There is a simple error in your program. You assign the objects, but not the pointers:
int main() {
Base* object = new Derived; //assign a new Derived class instance
object->whoami(); //this prints "I am Derived"
Base baseObject;
Now you assign baseObject to *object which overwrites the Derived object with a Base object. However, this does work well because you are overwriting an object of type Derived with an object of type Base. The default assignment operator just assigns all members, which in this case does nothing. The object cannot change its type and still is a Derived objects afterwards. In general, this can leads to serious problems e.g. object slicing.
*object = baseObject; //reassign existing object to a different type
object->whoami(); //but it *STILL* prints "I am Derived" (!)
return 0;
}
If you instead just assign the pointer it will work as expected, but you just have two objects, one of type Derived and one Base, but I think you want some more dynamic behavior. It sounds like you could implement the specialness as a Decorator.

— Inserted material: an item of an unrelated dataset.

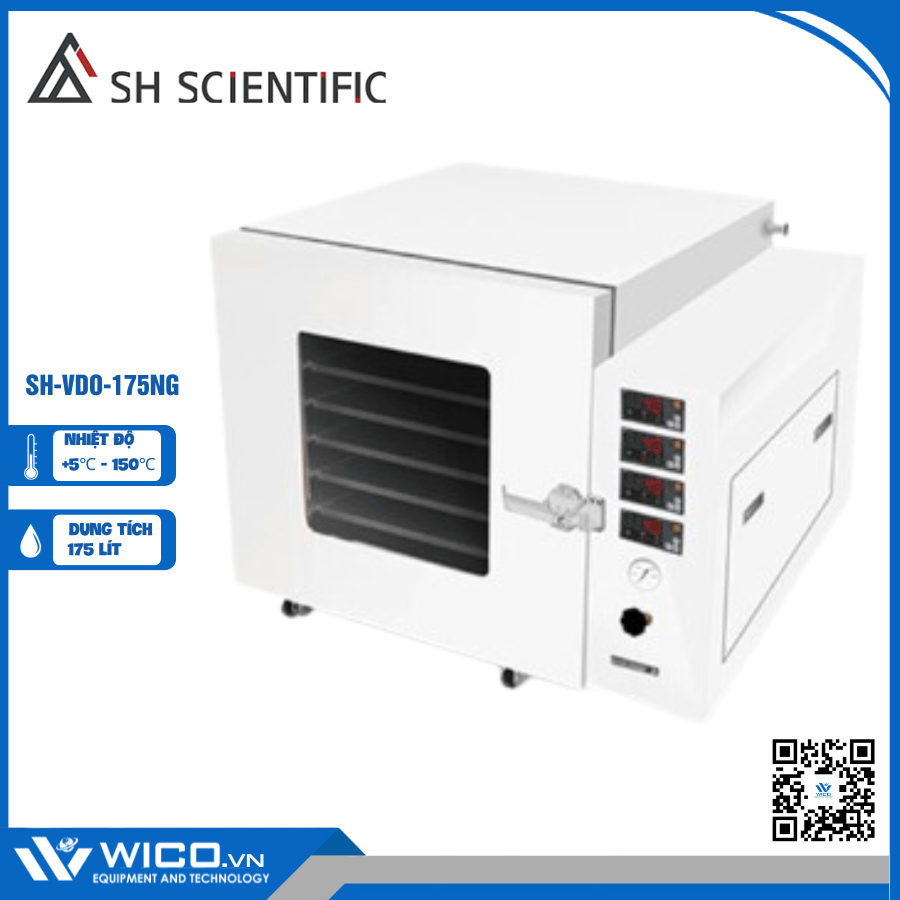 Tủ Sấy Chân Không 150 Độ C SH Scientific SH-VDO-175NG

You have a base-class with some operation, and several derived classes that change/modify/extend the base-class behavior of that operation. Since it is based on composition it can be changed dynamically. The trick is to store a base-class reference in the Decorator instances and use that for all other functionality.
class Base {
public:
virtual void whoami() {
std::cout << "I am Base\n";
}
virtual void otherFunctionality() {}
};
class Derived1 : public Base {
public:
Derived1(Base* base): m_base(base) {}
virtual void whoami() override {
std::cout << "I am Derived\n";
// maybe even call the base-class implementation
// if you just want to add something
}
virtual void otherFunctionality() {
base->otherFunctionality();
}
private:
Base* m_base;
};
Base* object;
int main() {
Base baseObject;
object = new Derived(&baseObject); //assign a new Derived class instance
object->whoami(); //this prints "I am Derived"
// undecorate
delete object;
object = &baseObject;
object->whoami();
return 0;
}
There are alternative patterns like Strategy which implement different use cases resp. solve different problems. It would probably good to read the pattern documentation with special focus to the Intent and Motivation sections.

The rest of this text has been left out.